[Supplied entries Boundary: Start]
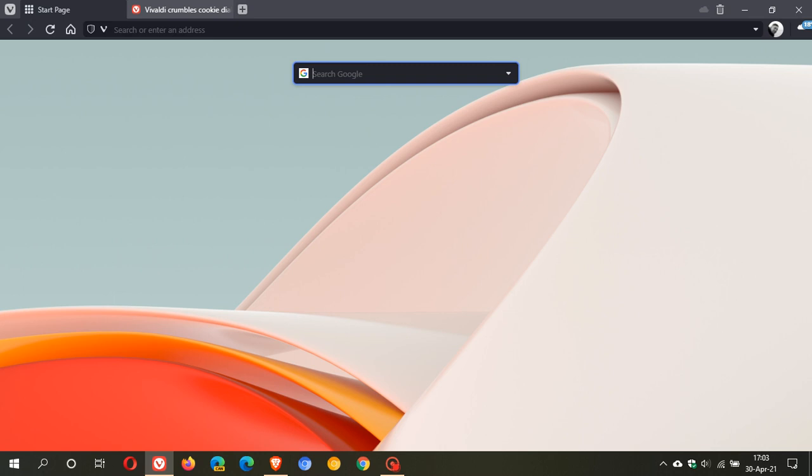What version 3.8 does is Vivaldi says that flock has privacy risks and they have blacklisted the flock component in this version 3.8 and onwards. This means it will not be downloaded and it will be removed if it has already been downloaded. Obviously Vivaldi is clearly against the flock experiment from Google and they have basically blocked it from this release and onwards.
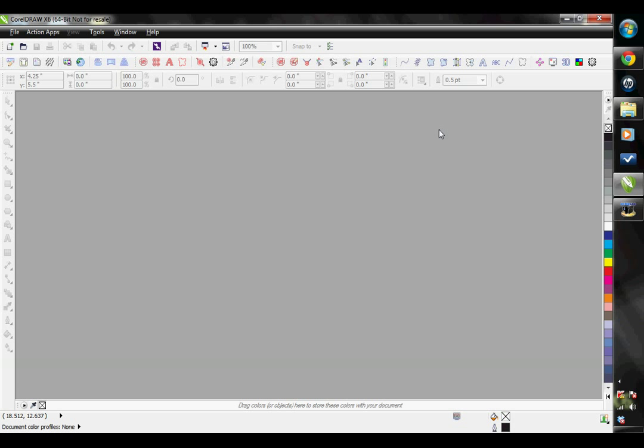This tutorial is going to explain how to install the Action Illustrated EasyGem Rhinestone software. First off, you want to make sure you have CorelDRAW version X4, X5, or X6. It needs to be a full version of CorelDRAW. This does not work in any other versions of CorelDRAW or any other graphics program.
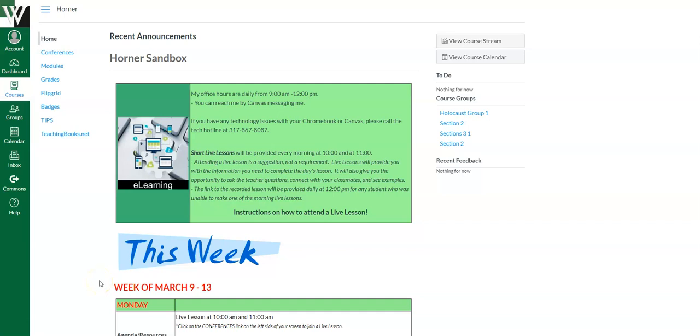Hey students, your teacher has decided to do some live lessons via Canvas. So this video is going to show you how to join a live lesson and all the things you'll be able to do inside of that live lesson.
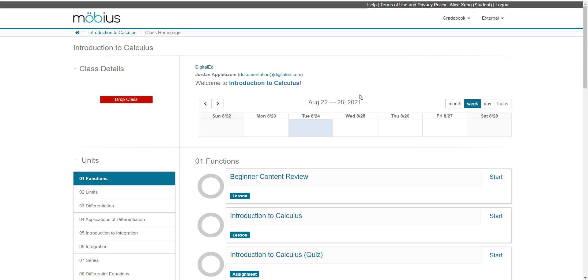You can check out the navigate the class homepage help topic and video guide for more instructions on how to navigate the class homepage.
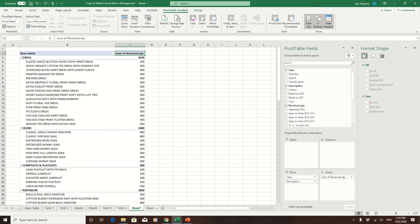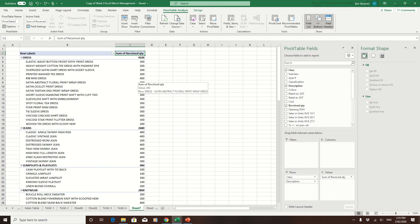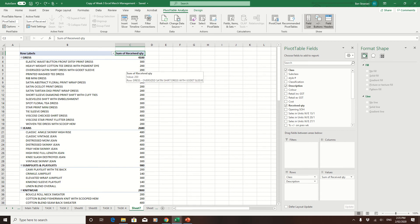Let's say I have a pivot table based on class. I've got dress, jeans, jumpsuits, and the description of each one down there, and then finally the quantity received into our store of each one. But let's say I want to change these quantities into percentages to see what percentage of the total amount of stock we have.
[Supplied entries Boundary: End]
**Problem**
An exact copy of every entry, pictures left out, is what to write here.

**Output below**
What version 3.8 does is Vivaldi says that flock has privacy risks and they have blacklisted the flock component in this version 3.8 and onwards. This means it will not be downloaded and it will be removed if it has already been downloaded. Obviously Vivaldi is clearly against the flock experiment from Google and they have basically blocked it from this release and onwards.
This tutorial is going to explain how to install the Action Illustrated EasyGem Rhinestone software. First off, you want to make sure you have CorelDRAW version X4, X5, or X6. It needs to be a full version of CorelDRAW. This does not work in any other versions of CorelDRAW or any other graphics program.
Hey students, your teacher has decided to do some live lessons via Canvas. So this video is going to show you how to join a live lesson and all the things you'll be able to do inside of that live lesson.
You can check out the navigate the class homepage help topic and video guide for more instructions on how to navigate the class homepage.
Let's say I have a pivot table based on class. I've got dress, jeans, jumpsuits, and the description of each one down there, and then finally the quantity received into our store of each one. But let's say I want to change these quantities into percentages to see what percentage of the total amount of stock we have.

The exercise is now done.